By Maggie Fick
LONDON (Reuters) – The world’s second vaccine against malaria was launched on Monday as Ivory Coast began a routine vaccine programme using shots developed by the University of Oxford and the Serum Institute of India.
The introduction of the World Health Organization (WHO)-approved R21 vaccine comes six months after the first malaria vaccine, called RTS,S and developed by British drugmaker GSK, began being administered in a routine programme in Cameroon.
Some 15 African countries plan to introduce one of the two malaria vaccines this year with support from the Gavi global vaccine alliance.
Ivory Coast has received a total of 656,600 doses of the Oxford and Serum shot, which will initially vaccinate 250,000 children aged between 0 and 23 months across the West African country. The vaccine has also been approved by Ghana, Nigeria, Burkina Faso and the Central African Republic.
The rollout of a second vaccine is the latest milestone in the global fight against malaria and should help address a problem that emerged well before either of the two shots was launched: demand for them is likely to far outstrip supply for several years.
Experts say having safe and effective malaria vaccines is important to meet demand. The shot is meant to work alongside existing tools – such as bed nets – to combat malaria, which in Africa kills nearly half a million children under the age of five each year.
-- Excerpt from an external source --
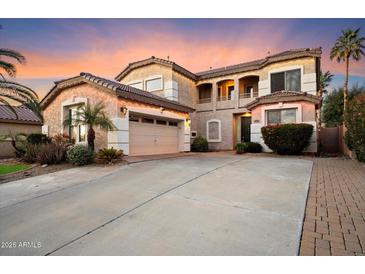 Two-story house with a three-car garage and landscaped front yard at 10730 E Medina Ave, Mesa, AZ 85209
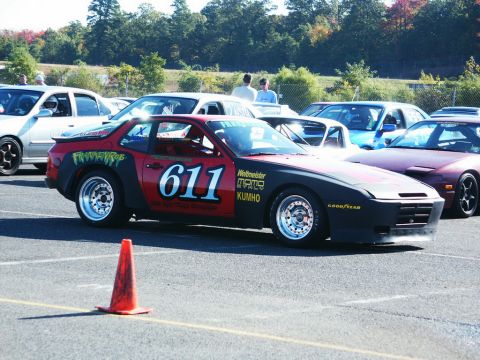 2001 Mercury Grand Marquis - A Porsche 944 race car with sponsor decals and the number 611 is parked at a track event.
The Serum Institute of India, which manufactures the vaccine, has produced 25 million doses for the initial rollout of the shot and “is committed to scaling up to 100 million doses annually”, the company said on Monday about the launch in Ivory Coast.
Serum said it is offering the vaccine for less than $4 per dose, in keeping with its aim to deliver low-cost vaccines at scale.
Results from a large trial in February showed the vaccine prevented around three-quarters of symptomatic malaria cases in young children the first year after they got the shots.
Experts told Reuters at that time that comparing the two malaria vaccines head-to-head was difficult because of the many variables involved in the trials, but overall their performance was similar – a conclusion endorsed by WHO.